“You have to be a tough nut to be a dissident, but those same qualities don’t always serve them well outside China,” said Perry Link, a professor at the University of California, Riverside, who has helped many Chinese exiles adapt to life in the US.
Friends of Chen say that he has been eager to solicit others’ advice, but that he has often been swayed by the last person with whom he spoke. Although they describe him as fiercely principled, they say he may have overestimated his ability to navigate the partisan shoals of US domestic politics.
“Chen often told me he had no interest in siding with the Democratic or Republican Party, but that he was on the side of democracy and freedom,” said Hu Jia (胡佳), a Chinese dissident who frequently speaks with him on Skype. “I think that maybe he got in over his head.”
Even before he landed at Newark Liberty Airport last year, veteran human rights advocates predicted a tug-of-war over Chen and his superhero elan, both among elected officials and the tangle of Chinese exile groups that often vie for attention and scarce financing.
John Kamm, the director of the Dui Hua Foundation, a San Francisco-based organization that advocates for Chinese political prisoners, said at the time that the prospect of someone with Chen’s profile coming to the US was electrifying.
“In the dissident community, someone with his kind of stature doesn’t come along every day,” Kamm said shortly before Chen arrived. “His face, with those sunglasses, is the kind of Che Guevara-like image you can stick on a T-shirt.”

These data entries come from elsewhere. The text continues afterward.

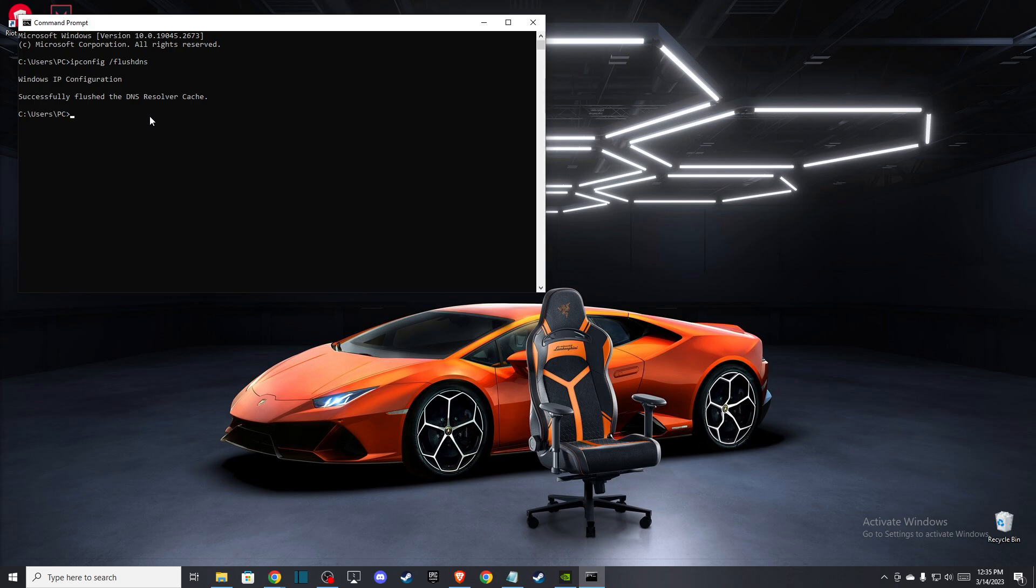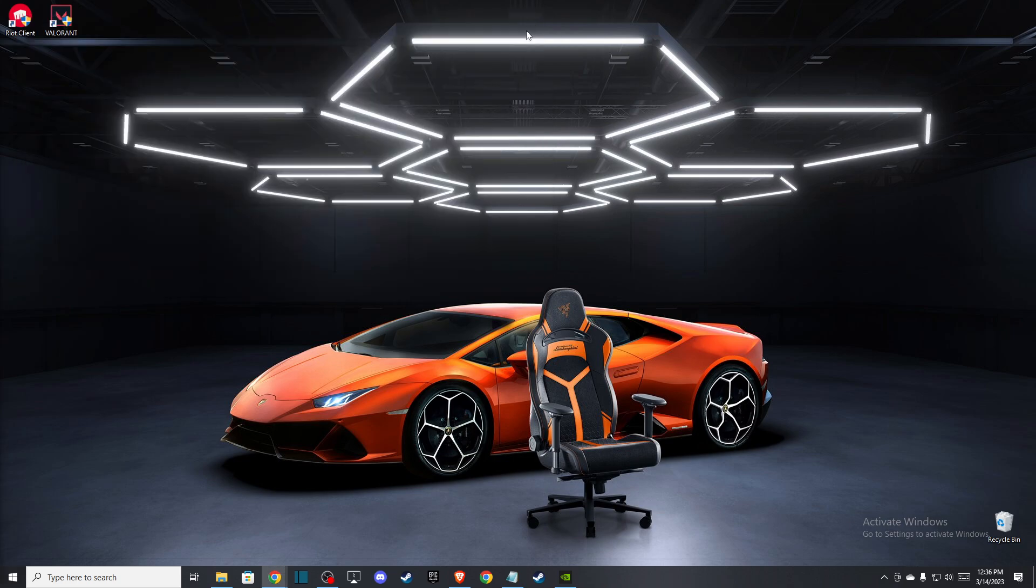The next thing you can do is write 'netsh winsock reset.' Basically, that's pretty much it for what you need to do to fix Valorant error code VAN 1067.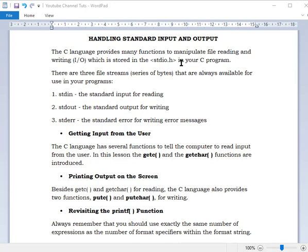There are three file streams — 'streams' means a series of bytes. We have standard input for reading, standard output for writing, and standard error for writing error messages — like when you write return 1 instead of return 0 in your main function. Today we're focusing on the first two: standard input for reading and standard output for writing.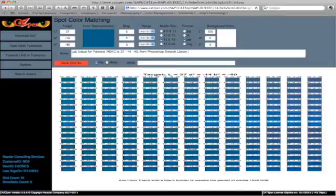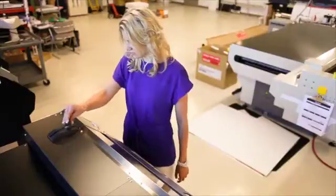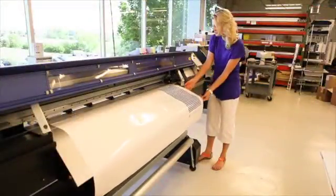After you enter the LAB value into CATZPER, you generate a grid. In less than five seconds you will get a file with over 350 variations of the color you have targeted. That grid will be emailed to your email address, and now you're going to print the grid out using your standard workflow onto your inkjet printing device.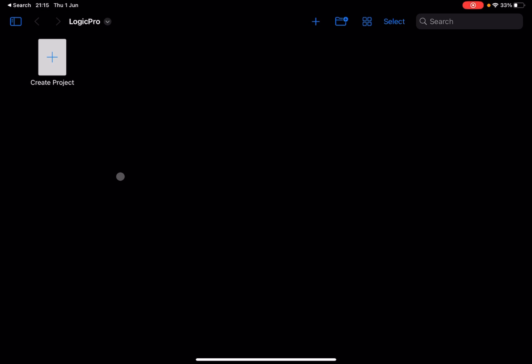Welcome back to the Sound for More channel, it's Leo speaking. Today we are going to have a look at one of the editors, in particular the Piano Roll editor. Before I continue, I would like to remind my viewers to subscribe, as it helps with growing the channel. Thank you very much.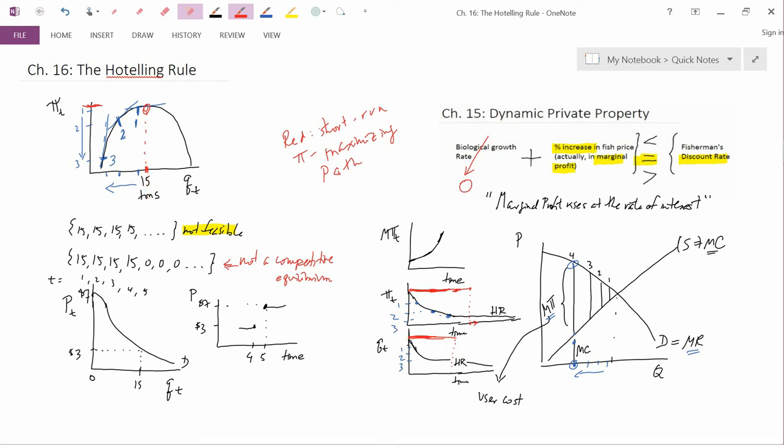The non-neoclassicals respond to the observation that empirically firms don't obey the Hotelling Rule by concluding that firms pull out quantity too quickly. So it's in some sense the opposite of saying don't worry, be happy. The non-neoclassicals say that what firms are actually doing is maximizing short-run profit, not long-run or present-discounted-value profit, and therefore they're pulling out quantity too quickly — and therefore we should be worried.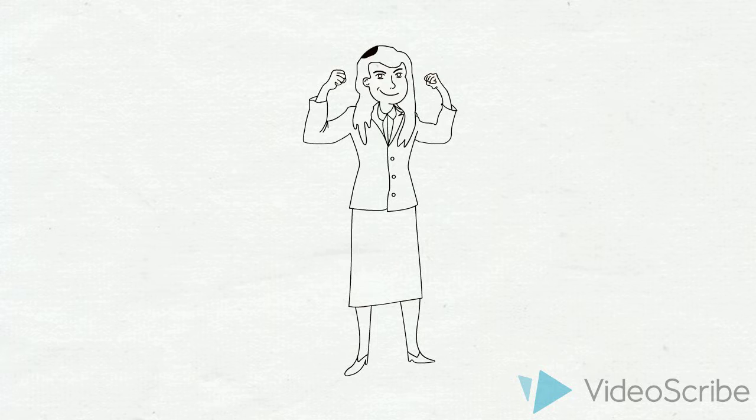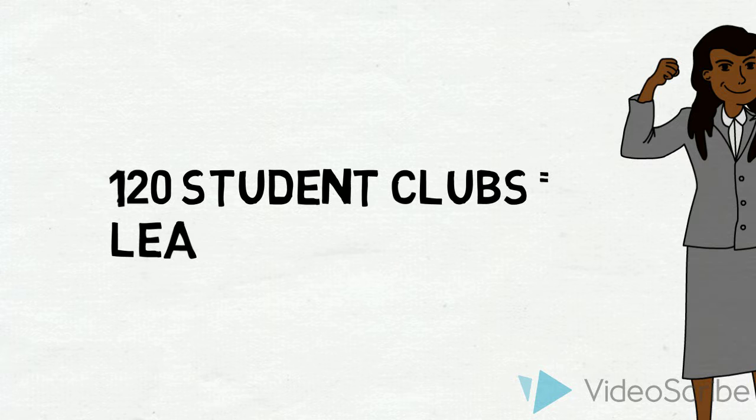With over 120 student clubs on campus and thriving Greek life, there are plenty of opportunities for you to gain leadership experience.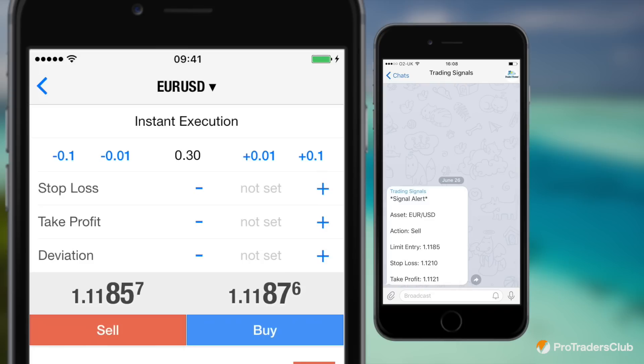To gain a better understanding of how much you're risking, please read our risk management guide, which will advise you on how to use position size calculators to accurately determine how many units you should be trading when risking no more than 3%, and how much this will equate to in money.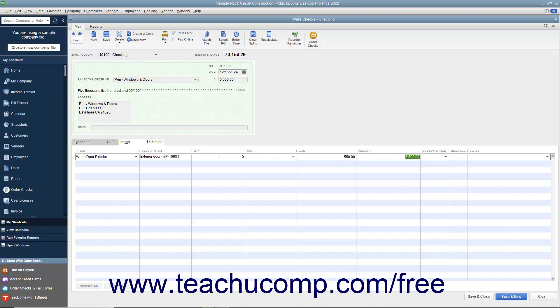The total amount of the check will be determined by the total cost of the inventory parts entered into the Items tab.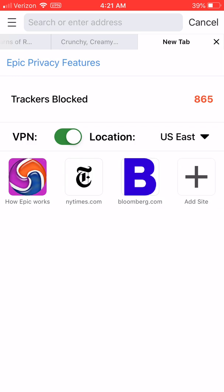So that's an introduction to Epic. We hope that you enjoy browsing privately online and really enjoy the Epic privacy browser. Please spread Epic and share it with your friends and family. Thank you so much. Bye.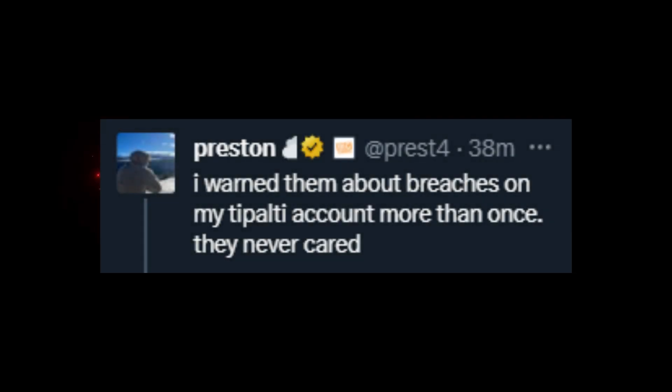Something that's even worse that I haven't even mentioned yet is replying to this tweet was Preston, owner of Build a Boat for Treasure, who said: I warned them about breaches on my Tipalti account more than once, they never cared. Roblox knows that this was a thing, Roblox was warned and they haven't done anything. So millions of people are at risk, millions of people have their information possibly going to be leaked all because of Roblox not caring.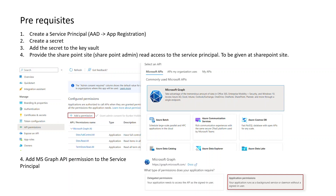After registering the application, create a secret and add it to the Key Vault. We also need to provide the Service Principal access to the SharePoint site. Go to the application registration, navigate to API Permissions, and select Microsoft APIs — specifically Microsoft Graph. Then click on Application permissions, and grant SharePoint permissions such as read, write, or full control to the Service Principal. This step is common regardless of whether you use Function App or Data Factory.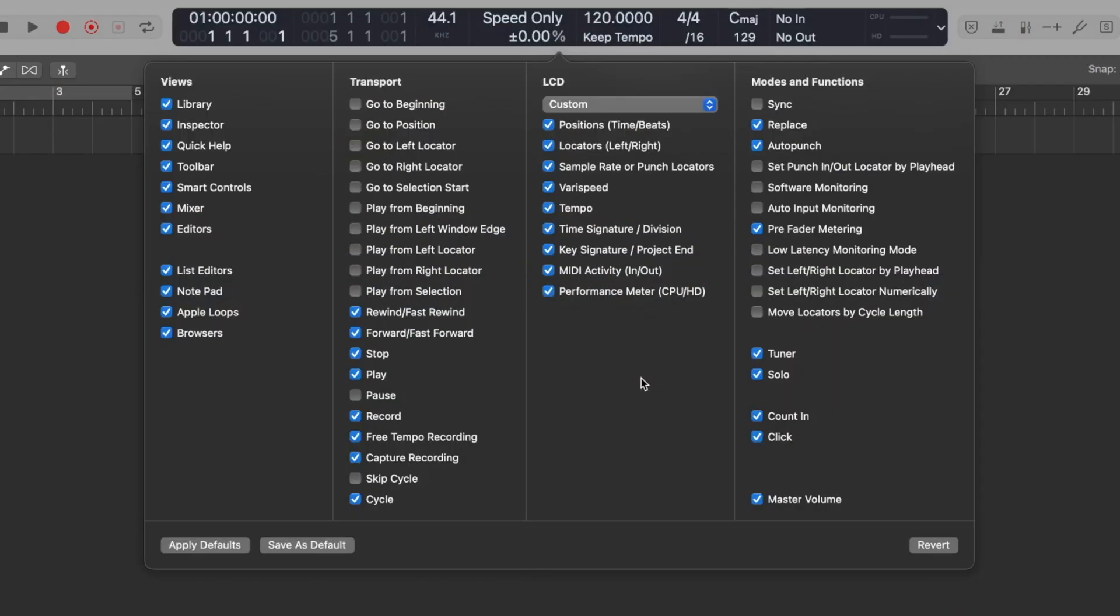Just remember as well that if you like the way that you have your custom toolbar set up and you want to always keep it in that way you will need to click the save as default button.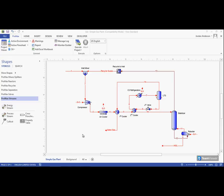Each flow sheet in Promax requires us to choose a property package to use on that page to do our thermodynamic calculations.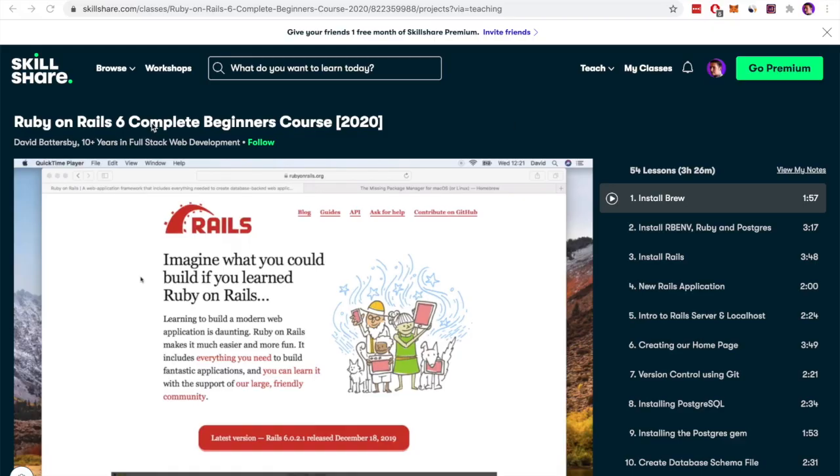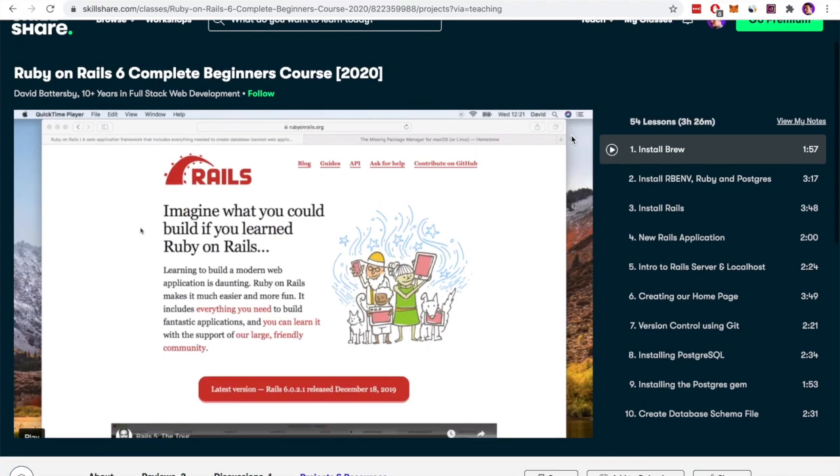In this video we're going to be discussing seven Ruby gems that I use in each new project that I create. Before we get into this video, if you want to learn Ruby on Rails make sure to check out the link in the description below. I have a course on Skillshare and you can access it for completely free.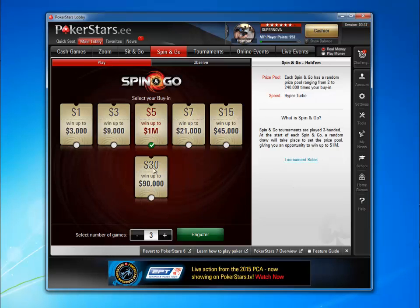It doesn't matter what your PokerStars settings on the Spin&Go tab are.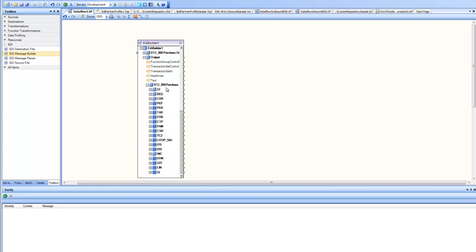Once you have this 850 structure filled, the next step is to take the data and write it into the EDI destination file. Let's go ahead and do that.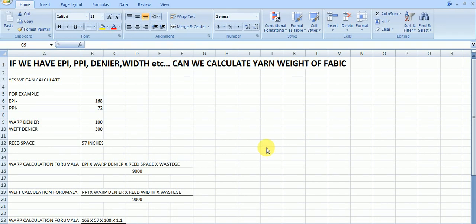Hello friends, in this video I am going to explain about warp weight and weft weight calculations.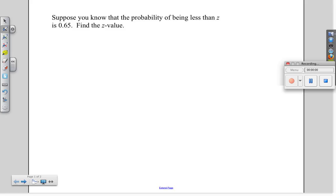Let's try an example. Suppose you know that the probability of being less than a z is 0.065. We want to find the z value.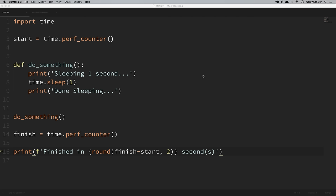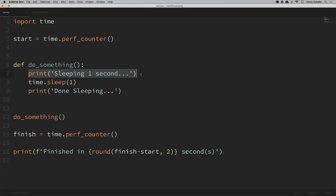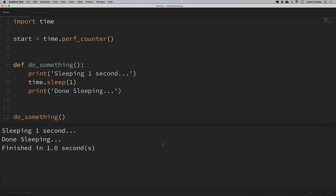I have a starting script open here. If you'd like to follow along, I'll have a link to this code in the description below. We'll start with a very simple example and then build up with more realistic examples. I'm importing time to measure how long the script takes to run. We have a function called do_something which prints that we're sleeping for one second, actually sleeps a second, then prints that we're done sleeping. We then execute that function, calculate the finish time, and print that our script is finished. Running this, it says sleeping for one second, done sleeping, and finished in about one second.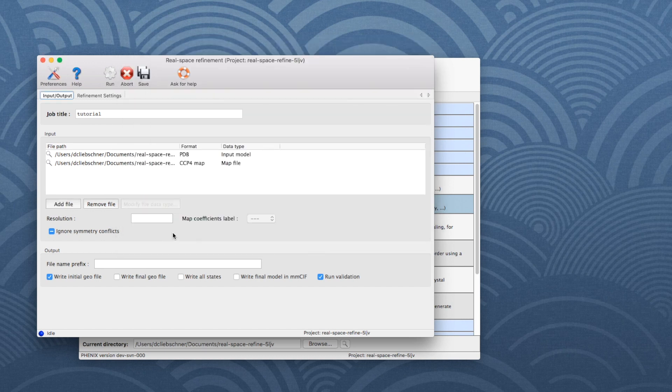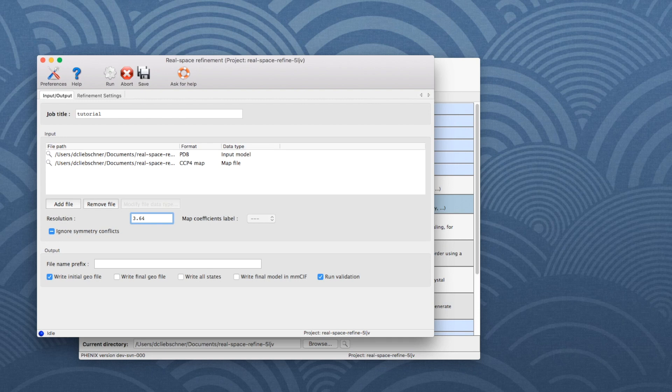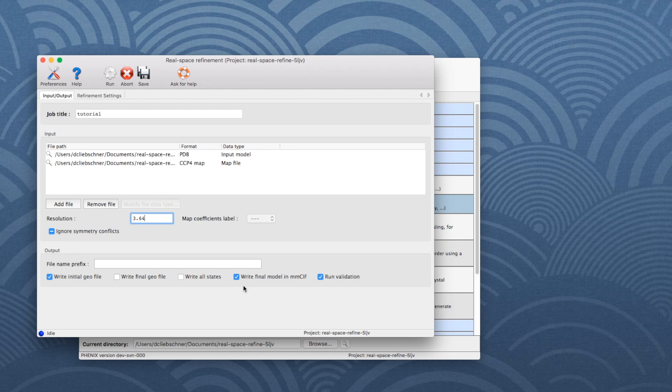As we use a map file, we have to input the resolution, which is 3.64 for this example dataset. If the output model file should be written in MMCIF format, check the corresponding box.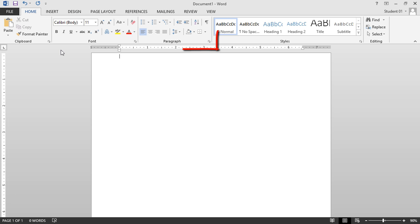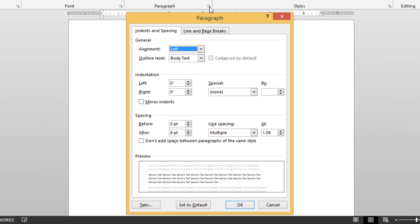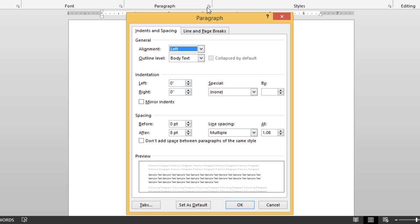A popular one in Word is the Paragraph dialog box. Here we can make specific changes to general alignment, indent, and spacing. We have access to a line and page breaks tab, giving us pagination choices, formatting exceptions, and text box options. After we make our choices, we could set them as default and click OK.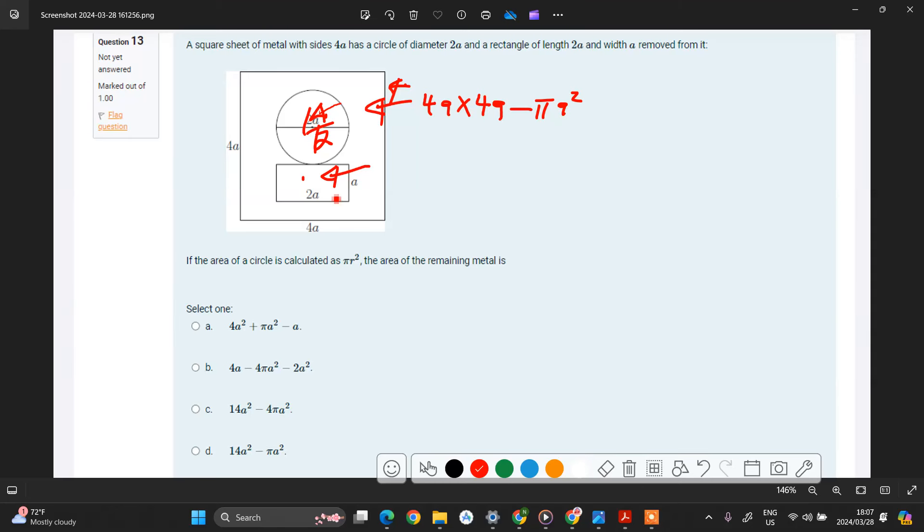To calculate the area of this rectangle we multiply both sides, so we'll have a multiplied by 2a. Then we have a multiplied by 2a. So this will give us 4 times 4, this will be 16, a times a, that is a square.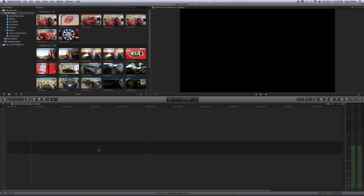Hello everyone, this is Glen Elliott and today we're going to be learning how to edit in a new magnetic timeline. Apple completely reimagined the concepts and layout of the editing timeline.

Among those most eager to stake a claim on Chen’s celebrity was Fu, whose organization, China Aid, played a high-profile role in publicizing his long persecution at the hands of the local officials in Shandong province, which included nearly six years of jail and house arrest.
Most dramatically, it was Fu, during a congressional hearing convened by Republican Representative Christopher Smith, who held aloft the cellphone that allowed Chen to plead for refuge in the US as he recovered in a Beijing hospital from the injuries sustained during his escape.
Critics say Fu overstated his own role in the audacious escape and then made use of Chen’s story in fund-raising appeals to his evangelical Christian supporters. Those appeals sometimes cast Chen as an opponent of abortion. Despite his opposition to forced sterilizations and abortions, Chen has said he has no position on the divisive issue.
In an interview, Fu, a former Chinese dissident who was granted asylum in the US in 1997, waved off suggestions that he manipulated Chen and turned him against his hosts at NYU.
“To accuse me of brainwashing him with religious extremism totally underestimates Chen’s intelligence,” he said. “To be honest, I think the NYU folks’ efforts to feed him information about how dangerous religious people are backfired and in the end he got fed up with them. He saw we were not monsters.”
Several people who worked closely with Chen over the past year described an awkward push-and-pull over Chen’s affections that often pitted his advisers at NYU against Fu and Smith. Shortly after Chen arrived, Smith began pressing him to testify at a congressional hearing that would have explored whether the Obama administration had nearly bungled Chen’s bid to leave China for the US. Chen eventually declined to participate in the hearing, which never took place.